'90s Golf Short of Regular Contenders

MAMARONECK, New York -- Even with the arrival of Tiger Woods, the game is searching for the one player or group of players who contend in every major tournament. And perhaps the runaway victory by Woods in the Masters created unrealistic expectations.


"Dominate?'' Woods repeated Tuesday when asked if fans underestimated how difficult it is to dominate the majors. "How about just be in contention.''


Perhaps Woods will be it, but since his win at Augusta he was 19th in the U.S. Open and 24th in the British Open and was never a factor in either.

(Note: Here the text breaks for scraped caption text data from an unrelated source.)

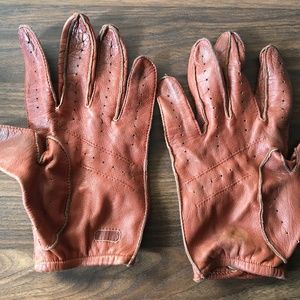 Coach driving gloves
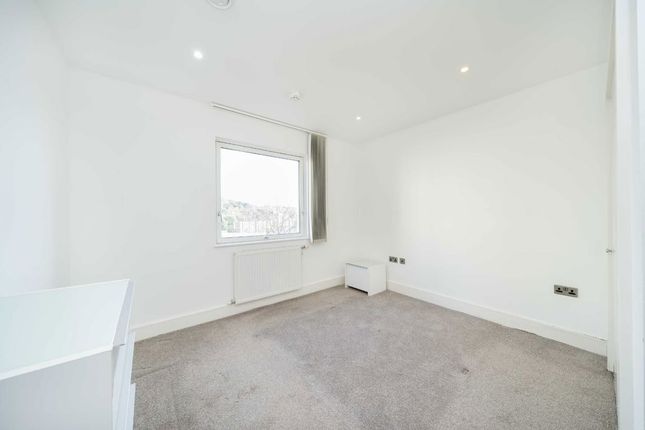 Flat 37, Trident Point, 19, Pinner Road, Harrow photo 4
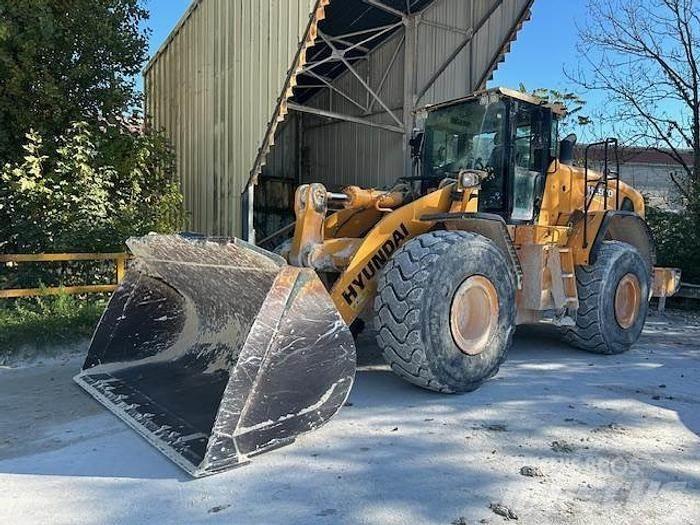 Hyundai HL970 Kolesové nakladače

The last 12 majors were won by 12 different people and the 31 majors played in the 1990s were won by 24 different people. And of those 24, 15 have won one -- and only one -- major championship.


Remember when Nick Faldo, Greg Norman, Seve Ballesteros and Tom Watson seemed to contend in every major? Or Lee Trevino, Jack Nicklaus, Gary Player and Arnold Palmer?


Who contends every time now?


Well, among those who have won major championships, Ernie Els and Tom Lehman come the closest.


Since his victory in the 1994 U.S. Open, Els not only added this year's Open but was in the top 10 six other times.


After winning the British Open last year, Lehman finished 14th, 12th, third and 24th in his next four major championships.


The record of other major championship winners is not as impressive.


Since winning the 1996 Masters, Faldo has one top 10 in six tries and in his last four majors was 51st, 48th, cut and 65th.


After winning the 1993 British Open, Norman finished in the top 20 in his next 13 majors. But this year he was 36th in the British Open and missed the cut in both the U.S. Open and the Masters.


Nick Price won the PGA Championship and the British Open in 1994 but has only one top 10 in 11 tries since.


And the record among those who got their one and only major championship in the 1990s is pretty grim.


Mark Brooks has missed the cut in all three majors this year after winning the 1996 PGA Championship. Since he won the 1996 U.S. Open, Steve Jones has missed three cuts in majors and finished 48th and 60th.


Steve Elkington has missed three of seven cuts in majors since winning the 1995 PGA and John Daly has not finished better than 27th in a major since winning the British Open in 1995.


And then there is Ian Baker-Finch, who appeared headed for stardom after the 1991 British Open, but has missed the cut in a major 11 times since, including 10 in a row.


Perhaps the best that can be expected from the players is one major championship every few years.


"The majors test every facet of your game,'' Woods said.


And that's why winning them is so difficult.